Spieth offers his thoughts on Thomas, Rodgers
Wednesday, July 10, 2013
To turn pro or to not turn pro?
That is the question that will surround Alabama junior Justin Thomas and Stanford junior Patrick Rodgers through the summer and into the early fall. Both are expected to participate in the Walker Cup this September – assuming they are selected to the team – and a decision will likely not come until after that.
“(I’ll make a decision) just whenever I feel it's right,” Thomas said three weeks ago. “I got a lot of thinking to do. I mean I got a lot of things I still gotta take care of the rest of the summer before I even worry about that, and I think that's what a lot of people are kind of assuming, that I need to know soon.”
Thomas and Rodgers have maintained their focus on playing golf, not about whether or not they will return to school in the fall. So for now, they’ll be concentrated on this week’s task of playing in the PGA Tour’s John Deere Classic, which also has former Texas standout Jordan Spieth in the field.
Spieth, who turned pro last winter following the fall semester of his sophomore year with the Longhorns, knows a little about what Thomas and Rodgers are going through. He’s experienced playing in pro tournaments as an amateur and is friends with both players – he played with Rodgers in the last Walker Cup and is staying with Thomas, whom he talks to frequently, this week at the John Deere.
Two weeks ago at the AT&T National, Golfweek asked Spieth for his thoughts on the situation.
“All three of us go way back; (They are) very, very good players,” Spieth said. “I don't think they'll have any problem getting out here on their talent. They've shown that in the starts that they've had on the PGA (Tour). . . . Obviously the stage doesn't bother them.”
Spieth said he hasn’t given them any advice on what they should do, nor does he know what they are thinking. He does joke with them, though, about it.
“I keep on kind of messing with Justin, telling him, ‘Hey man, good playing last week. Now it's time to turn pro. I mean, good job,’” Spieth said. “And he gets a couple laughs out of that and says, ‘We'll see.’”
Thomas, who like Spieth has a national championship on his resume, has had success on the pro stage. He’s made the cut in all three of his PGA Tour starts, including finishing T-30 this year at the Travelers Championship.
Rodgers is making his third PGA Tour start this week at TPC Deere Run. He missed the cut in each of his previous two starts, last year’s Travelers Championship and John Deere Classic. He’s also made two Web.com Tour starts, including this year’s United Leasing Championship, and missed the cut in both. But there’s no denying he has the talent to compete at the pro level.

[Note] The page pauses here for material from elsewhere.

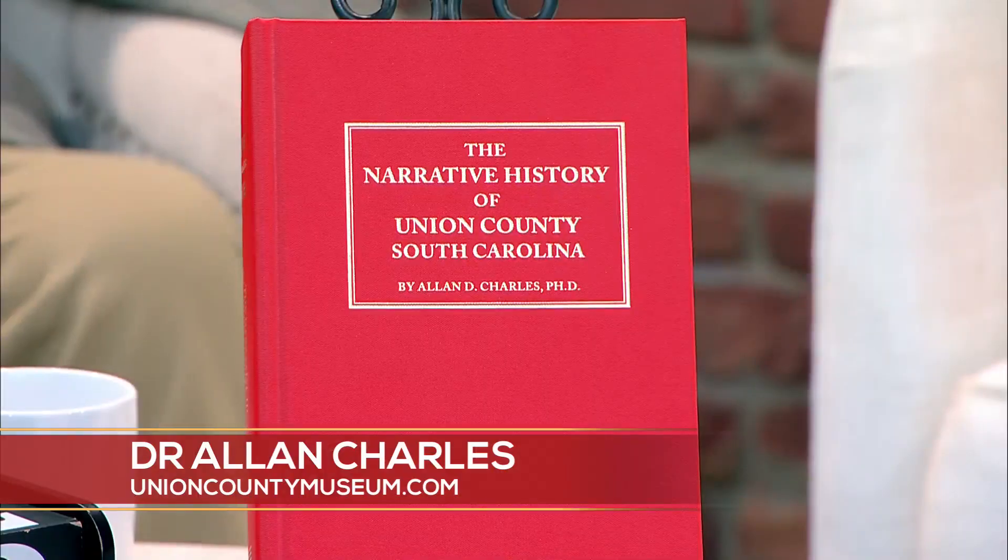Rose Hill Plantation, Cross Key's house, the Dawkins house — which was the capitol building of the state of South Carolina for about six weeks. When Sherman came in to burn Columbia, they moved everything from Columbia to Union — the governor and his records, wagon load of records, went up there. They were about 12 hours ahead of him and went up to Union. So Union had the capitol building of South Carolina.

“Once you set certain goals and you accomplish them and you get to play out on Tour as an amateur, you're able to compete and kind of finish it off even when you feel the heat, I think that's when you know you're ready,” Spieth said. “That's when I knew I was ready. Obviously Justin's doing that now. Patrick has done that. It's just up to them.”
Seeing the success Spieth has had since turning pro could influence Thomas and Rodgers.
Spieth has notched five top-10s, including a runner-up finish, on Tour this season and has virtually locked up his Tour card for next season.
“At this time last year, I still thought I was going to be there (at Texas) for at least another year; I remember that specifically,” Spieth said. “But I played a couple more Tour events in the summer and played well and started to think, ‘When's the right time to turn (pro)?’ And (I) decided that it would be in the winter so I could give myself at least a few events to play in the fall and give a full year to earn my card.
“There's a lot of luck involved in the way it's worked out, but I'm happy that the plan was accomplished.”
We still don’t know Thomas or Rodgers’ plans, though, so it’s still unclear whether they’ll follow in Spieth’s footsteps later this year.